Pictures are to be left out. Return exactly the lines below from the one with "CONDO DECL OF CONDO - Residential" up to and including the one with "la plaza Mitre".

Records to use »
▼
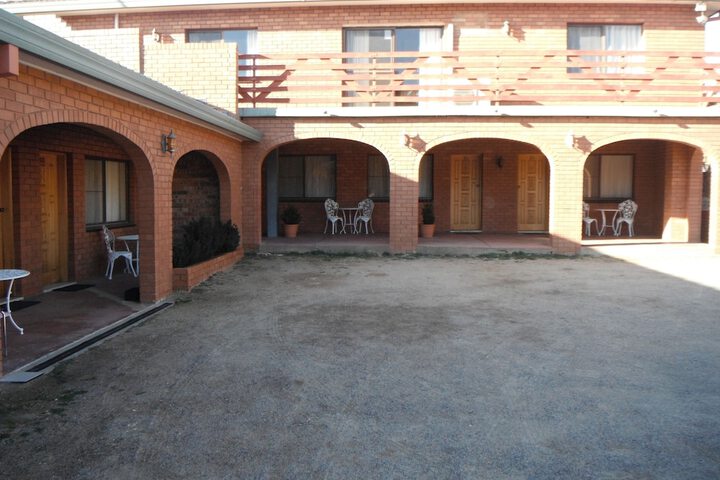 Hotel Exterior 2 of 144
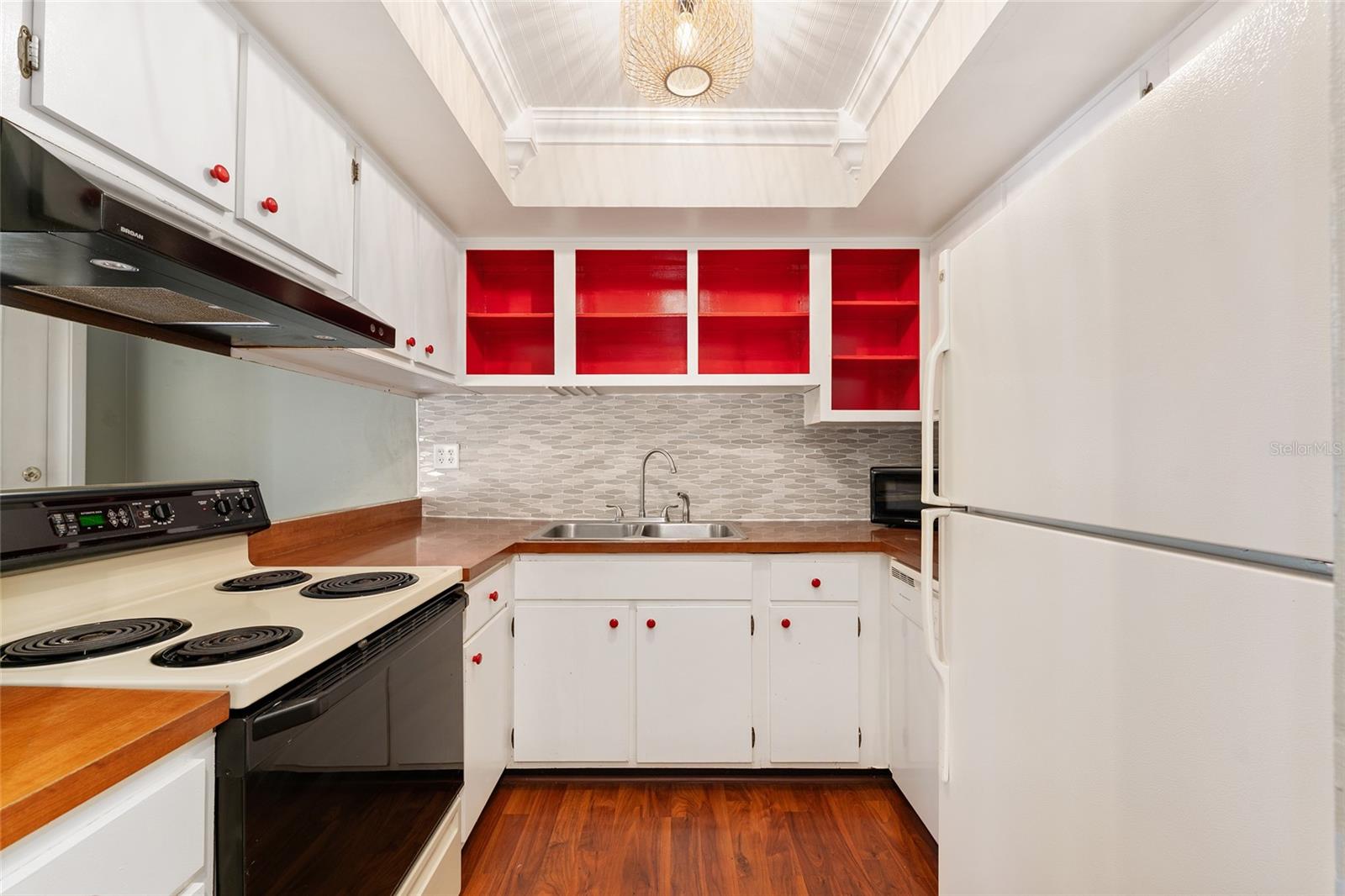 CONDO DECL OF CONDO - Residential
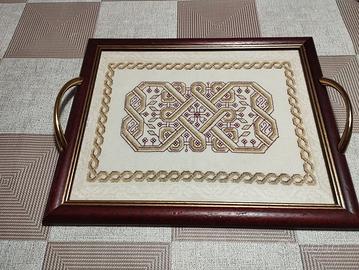 Vassoio con ricamo punto croce - realizzato a mano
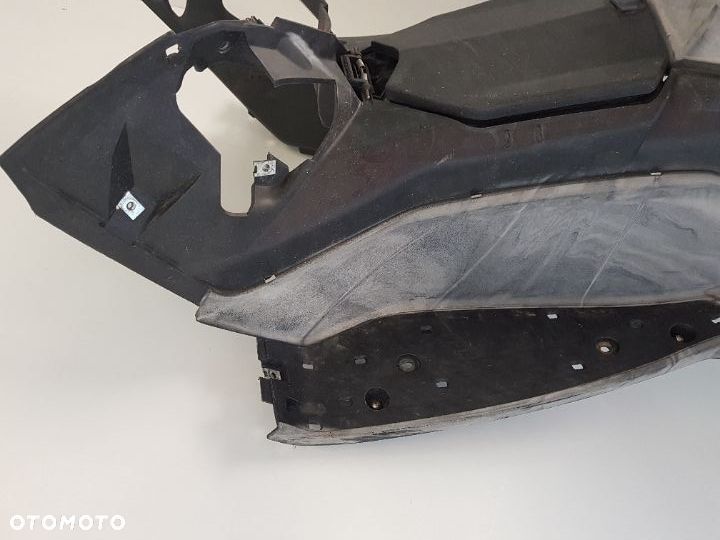 Malaguti Madison 125 2006 Podłoga Podest Tunel Klapka - 2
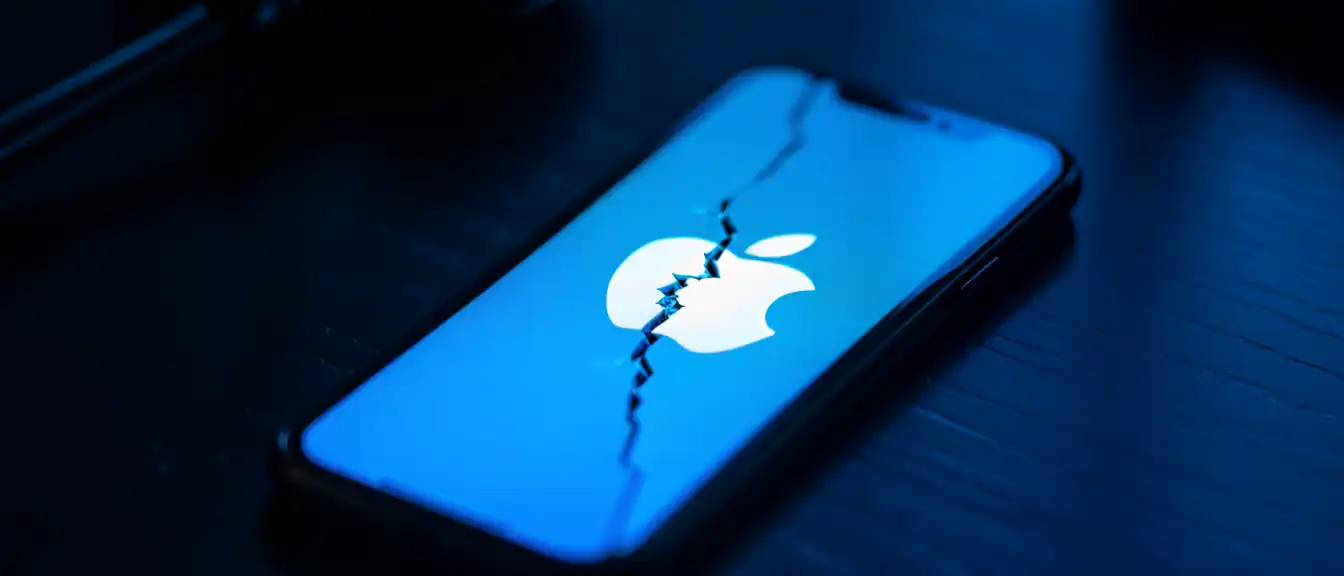 Судебный фронт: почему VK пошла в суд против Apple и чем это грозит пользователям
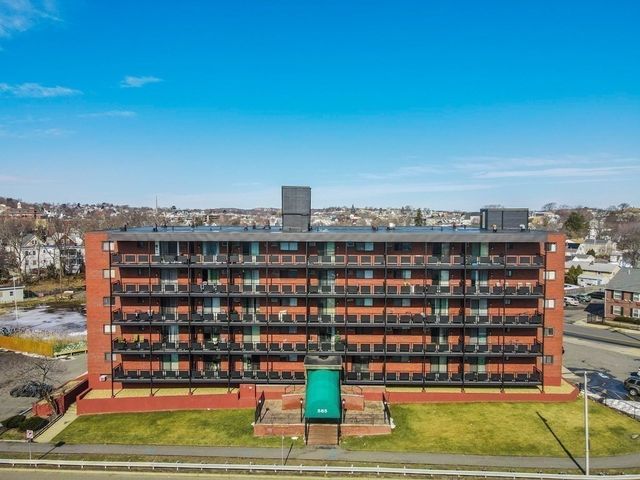 $389,900 | 585 Revere Beach Parkway, Unit 302 | Downtown Revere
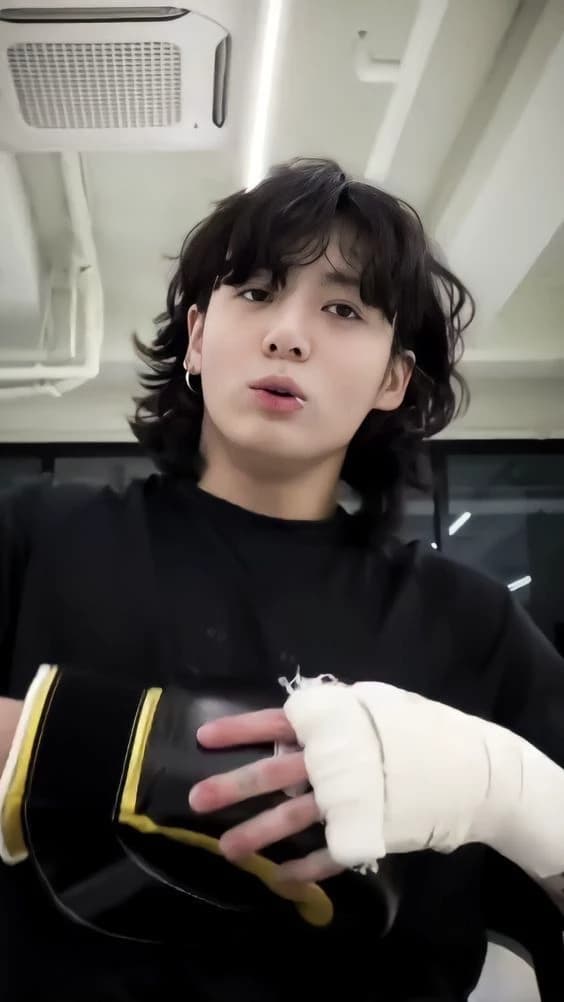 Jeon Jungkook thumbnail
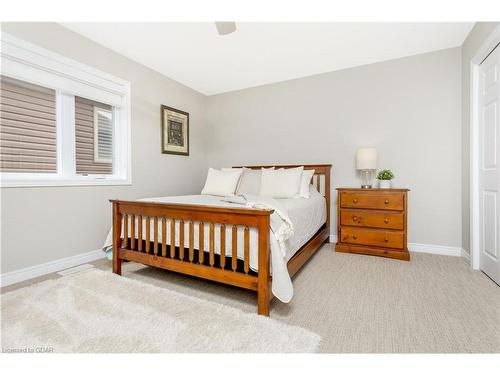 22 Chestnut Drive, Rockwood, ON - Indoor Photo Showing Bedroom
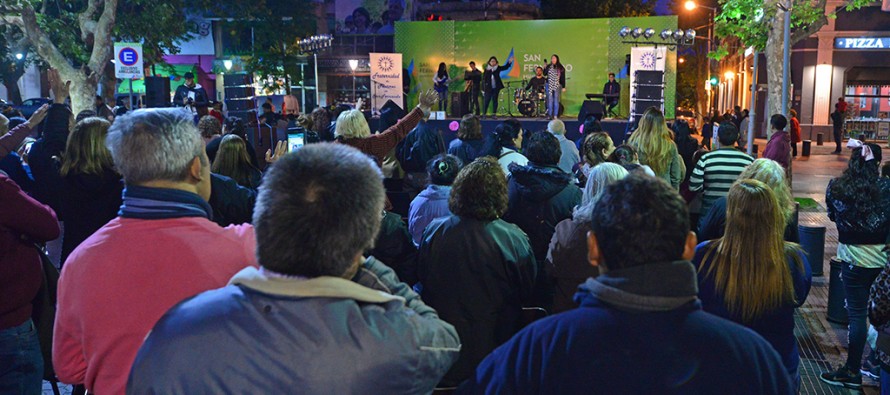 “San Fernando, Oramos por Vos” se realizó en la plaza Mitre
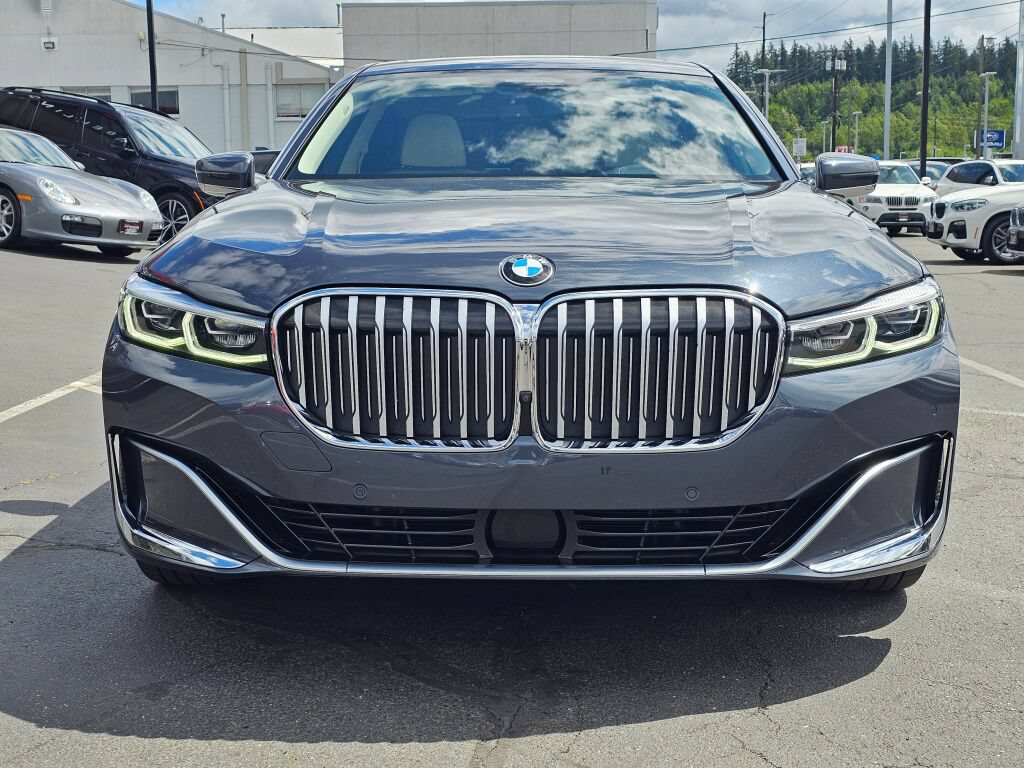 Used 2020 BMW 740i w/ Premium Package RWD image 8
▲
Answer box »
 CONDO DECL OF CONDO - Residential
 Vassoio con ricamo punto croce - realizzato a mano
 Malaguti Madison 125 2006 Podłoga Podest Tunel Klapka - 2
 Судебный фронт: почему VK пошла в суд против Apple и чем это грозит пользователям
 $389,900 | 585 Revere Beach Parkway, Unit 302 | Downtown Revere
 Jeon Jungkook thumbnail
 22 Chestnut Drive, Rockwood, ON - Indoor Photo Showing Bedroom
 “San Fernando, Oramos por Vos” se realizó en la plaza Mitre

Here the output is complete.